Eu trabalho há quase 3 anos para um conjunto de pessoas a quem os anos já pouco dizem, a quem as vicissitudes com que a vida se lhes deparou se notam nas marcas profundas dos seus corpos e almas.
De vez e quando aparece alguém “jovem”, na casa dos 40-65 anos. Porém, é coisa muito rara de se ver no meu serviço. Loucura, insanidade, demência…vários nomes que nos dizem praticamente o mesmo, que quem sofre destes males já não tem a capacidade cognitiva que teve em tempos. Mas vamos com calma, não é bem assim.
Qualquer pessoa, num determinado momento da vida, descontextualizada de uma determinada situação, pode ser considerada tola, demente, o que lhe queiram chamar. Porém, não quer dizer que o sejam sempre, quem conhece bem essas pessoas sabe como se comportam normalmente no dia-a-dia.
Com os “meus” velhinhos passa algo do género. Não digo que não tenham uma diminuição cognitiva acentuada. Têm, muitos deles bastante acentuada, que até me fazem duvidar do meu estado de normalidade! Contudo, há aqueles doentes que há primeira vista não têm muito para dar, parece que vivem num mundo completamente à parte, só seu, mas escondem lá no seu interior vestígios das pessoas que foram antigamente.
Eu não me afasto dos meus doentes, eu aproximo-me deles, falo com eles, dou-lhes mimos, dou-lhes sermões…brinco com eles como se fossem meus amigos de toda a vida. E para meu espanto, já vi momentos de lucidez absoluta em pessoas que pareciam perdidas, para todo o sempre, naqueles seus sonhos acordados.
Apesar de tudo o que disse, há uma doente, que apesar do muito pouco que teria para dar, é aquela por quem sinto um carinho (muito) especial. Já quase me morreu nas mãos, eu e a minha colega de turno fizemos tudo para reverter a situação e felizmente conseguimos. Foi das primeiras vezes que senti que algo que fiz “trouxe” de novo alguém à vida.
Vamos por partes. Esta doente, a quem eu carinhosamente chamo “a minha bebé”, é a “C”, tem 60 anos, deve ter 1 m e 50 cm e à nascença trouxe uma amiga para toda a vida, de seu nome Síndrome de Down. São as duas inseparáveis, olhinhos à chinês, as linhas da palma da mão diferentes do resto do mundo, as constantes infecções respiratórias e insuficiências cardíacas, uma visão bastante turva…e uma língua descomunal que ela com tanto orgulho exibe! Para não falarmos das poucas palavras que sabe dizer (olá, bom dia, boa noite, sim, não, água…ah, e sabe dizer o seu nome completo!).

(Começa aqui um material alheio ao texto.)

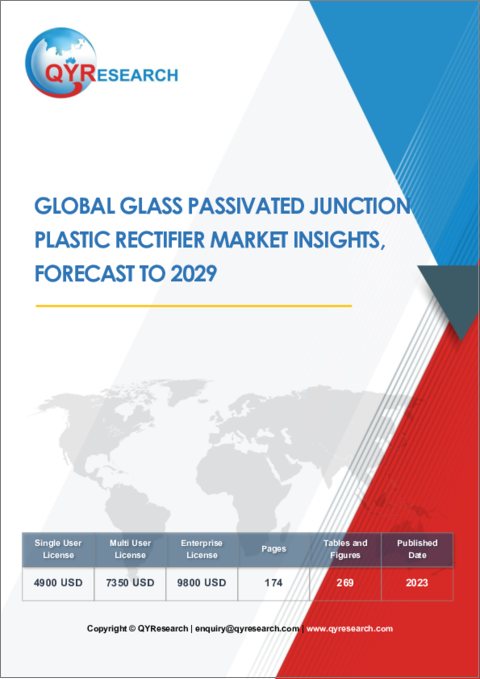 表紙：ガラスパッシベーション接合樹脂整流器の世界市場：2029年までの予測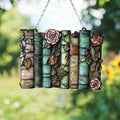 Enchanted Books & Roses Acrylic Suncatcher by Unknown
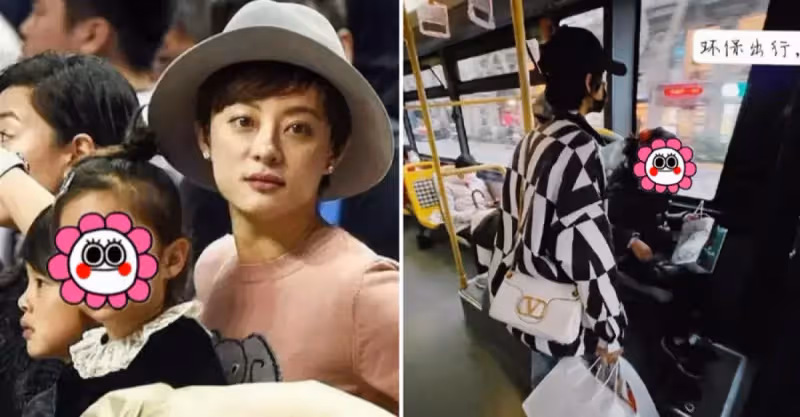 孫儷背8萬元名牌包包坐公交出行，「環保出行」特別贊，女兒乖巧跟隨，自曝「女兒想鄧超想到哭」，對媽媽態度卻大不同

Tudo isto parece ser ela a dizer ao mundo “SOU DIFERENTE”…mas quando me sorri ou dá uma daquelas gargalhadas sinceras e espontâneas muito próprias dela, é como se me dissesse “SOU ESPECIAL”!
E pode ter a certeza que o é. Sou profissional e todos os meus doentes são cuidados com o mesmo profissionalismo. Como em tudo na vida, gostamos sempre mais de uns que de outros e o nosso maior carinho vai para quem gostamos mais. É assim que as coisas funcionam, não adianta vir com hipocrisias. E o meu carinho foi conquistado por quem menos se esperaria, por aquela pessoa que menos pediu quando lá chegou.
Todos os dias lhe faço a mesma pergunta “Eres guapa?” e a resposta é invariavelmente a mesma “Sí!” Vê-se mesmo que é mulher!
É por isso, que todas as manhãs, antes de vir embora, vou-me despedir dela…às vezes está a dormir, outras acordada e não me liga puto, mas basta que me dê um sorriso dos dela, para sair de lá com um estado de espírito…como hei-de dizer…mais leve!